Skip all pictures; return exactly the lines from the one containing "dialogis.fr/actualites/inc…" through the end of the data.

(Dataset entries)
-- Opening Marker --
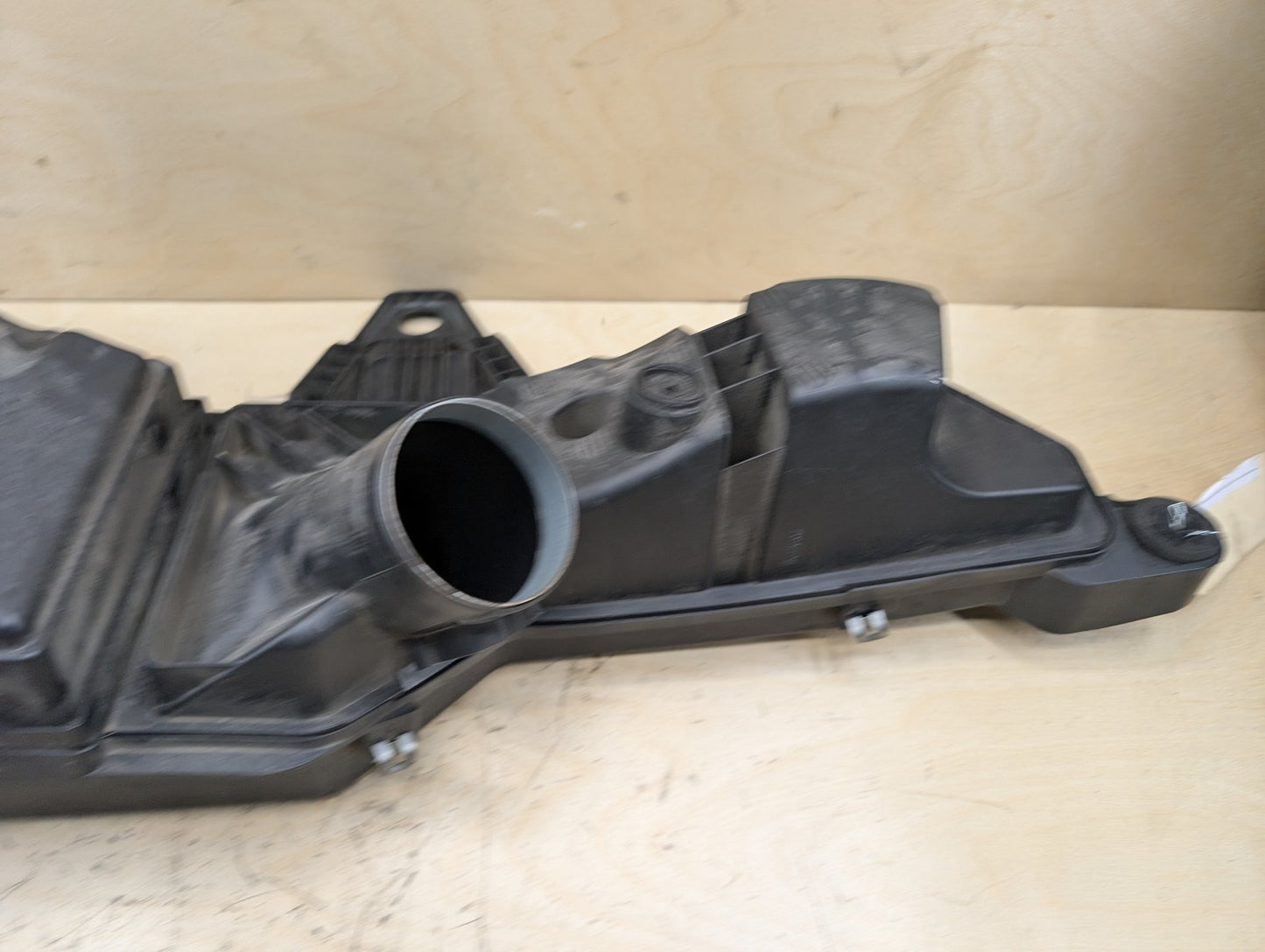 2012-2018 BMW F30 328i N20B20O0 Engine Air Filter Box Assembly 7597589
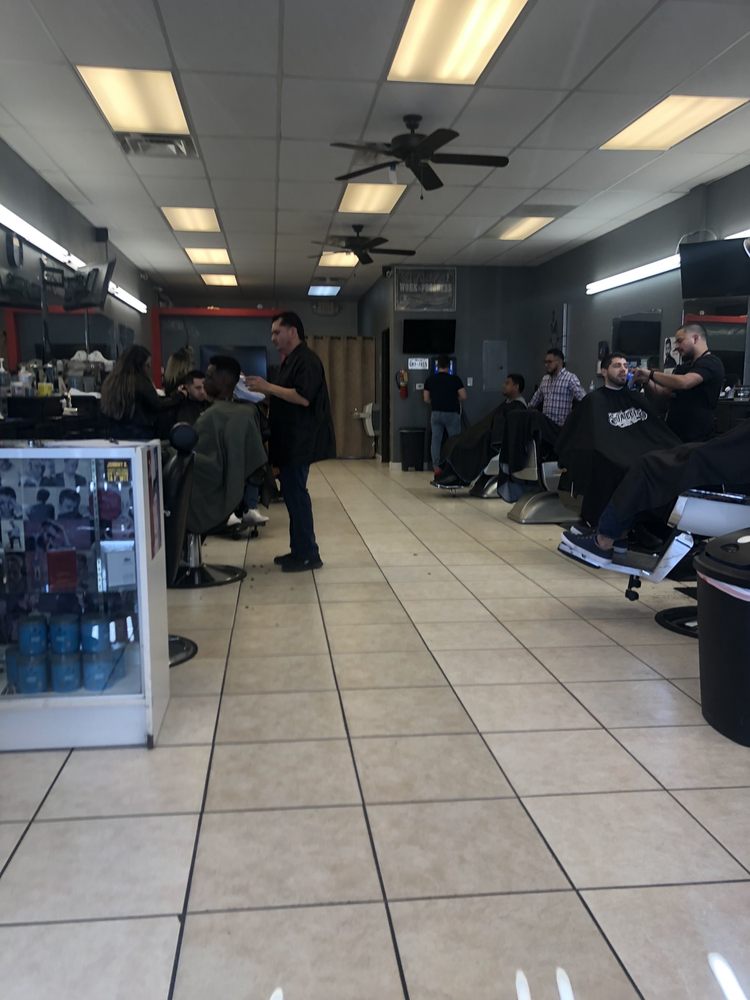 THE PARLOR BARBER SHOP Updated October 2024 1641 N Zaragosa, El
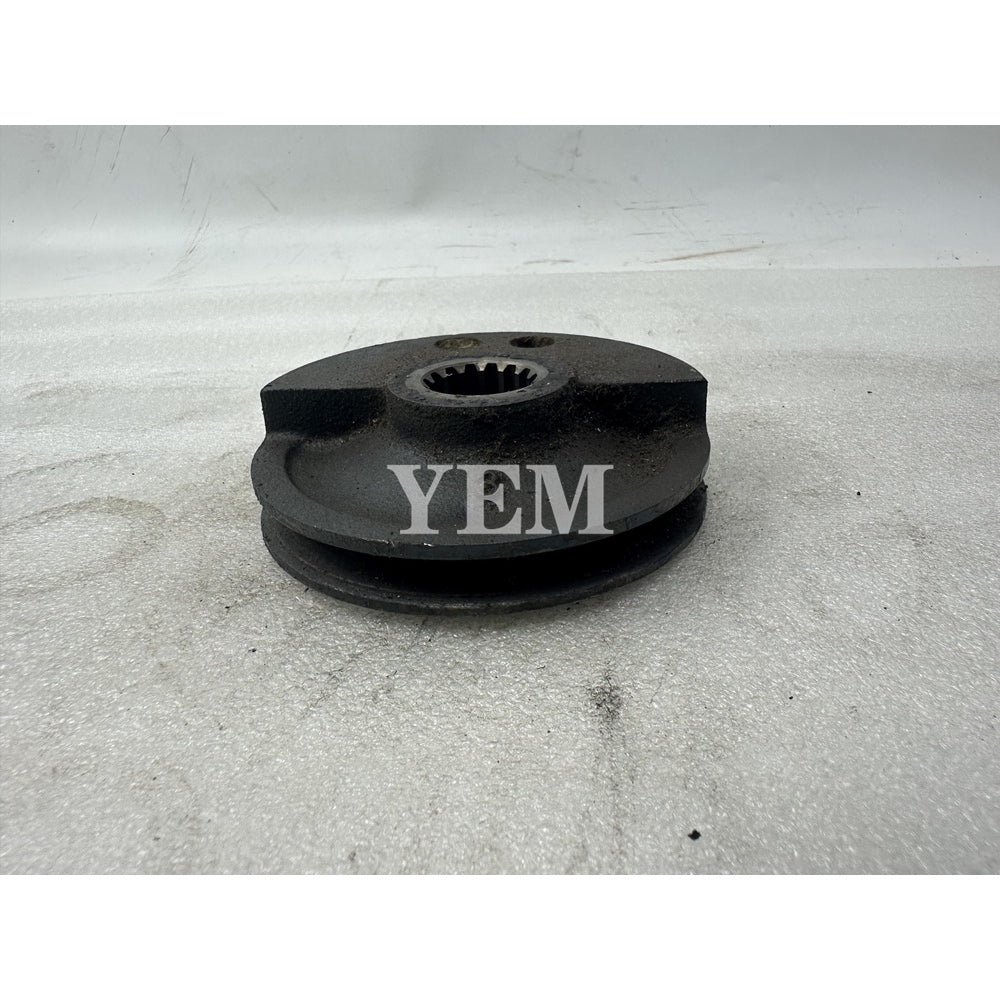 D905 Crankshaft Pulley For Kubota Excavator Parts Engine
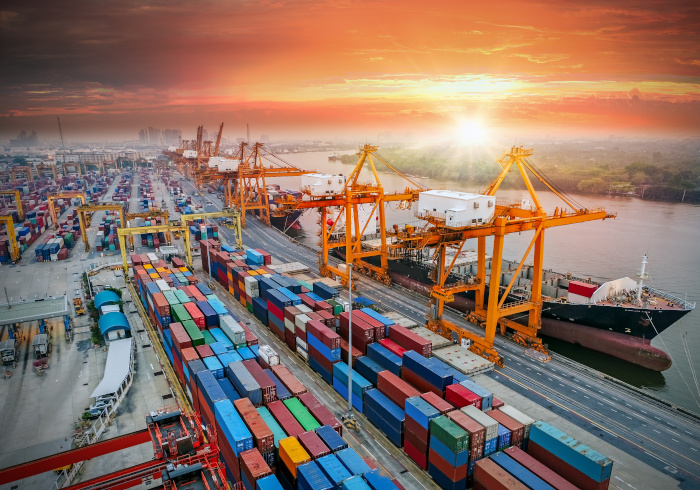 Dialogis_FR's tweet image. [INCOTERMS 2020]

🔶 La version 2020 des INCOTERMS est entrée en vigueur le 01/01/2020

🔶 Découvrez ce qui change avec Jean Francois Herber, expert en échanges internationaux pour Dialogis.

L&apos;article est en ligne 👇
dialogis.fr/actualites/inc…

#incoterms #transport #logistique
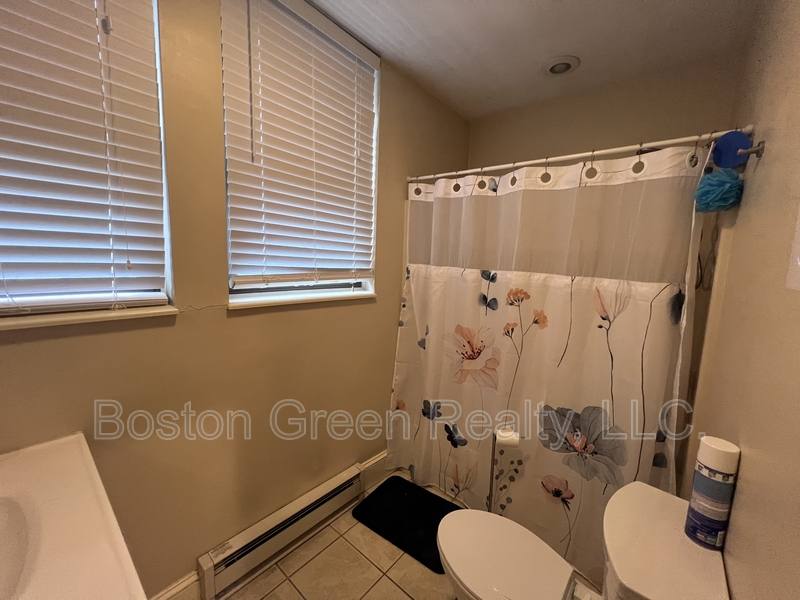 Apartment for rent at 1 Centre St Terrace #8UNIT 8, Roxbury, MA 02119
-- Closing Marker --
Task solution ->
dialogis.fr/actualites/inc…

#incoterms #transport #logistique
 Apartment for rent at 1 Centre St Terrace #8UNIT 8, Roxbury, MA 02119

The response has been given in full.